I was born into a vinyl, Long Playing world, and remember when my family upgraded to stereo. The car I learned to drive on had an eight-track tape, and I’ve seen CDs replaced by electronic downloads.

But there are things that I assumed technology couldn’t touch – like live performances, especially of opera, which clings to one very astounding and antique tradition: it’s performed without amplification.

The word ‘opera’ means ‘the works.’ An opera incorporates both instrumental and vocal music that tells a story, and is acted on a stage with scenery, costumes, and lights. It’s a high form of spectacle that’s based on a simple principle of physics: vibrating airwaves make musical sound, whether it be a mallet against a drum head, wind across a reed, horsehair on a string, or air crossing vocal chords. Opera singers are the equivalent of world-class athletes; they use their well-trained bodies to produce amazing song.

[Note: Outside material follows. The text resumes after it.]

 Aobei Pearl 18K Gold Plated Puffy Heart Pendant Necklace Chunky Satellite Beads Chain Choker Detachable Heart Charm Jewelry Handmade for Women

The art form originated in Europe at the end of the fifteen hundreds, and for centuries opera was the epitome of highbrow culture. Even today, good seats at one of the world-class opera houses like the Metropolitan are shockingly expensive – not even accounting for the transportation and lodging required for a fan from Vermont.

But here’s where technology plugs in. I can now spend a Saturday afternoon watching a live performance of the Metropolitan Opera via a service called Live in HD – without even leaving Vermont.

Simulcast technology allows me to sit in the historic Latchis Theater in downtown Brattleboro while watching the Metropolitan Opera at Lincoln Center in New York City – all for a fraction of the price. And all the seats are fantastic, because the camera gives an unobstructed view.

But it gets better: Between acts, simulcast audiences are treated to interviews with the principal singers, the director, the choreographer and the maestro. And when there isn’t an interview in progress, the camera stays on, giving the off-site audience a glimpse of the set-changes in progress backstage. It’s fascinating. It almost makes up for missing the raising of the chandeliers that starts every performance at the Met – a magical moment that cues the audience to willingly suspend disbelief.

Those of us in the fifty-four countries where these Met performances are beamed by satellite have other benefits. In Brattleboro, these include easy parking and Vermont’s famously casual attire.

But even the HD technology is not immune to glitches. During a recent performance, the signal broke up just after Don Giovanni burst into flames. Heavy snow interrupted the transmission, and the audience left the theater grumbling – but whether it was about missing the last few minutes of music or snow in October, I wasn’t sure.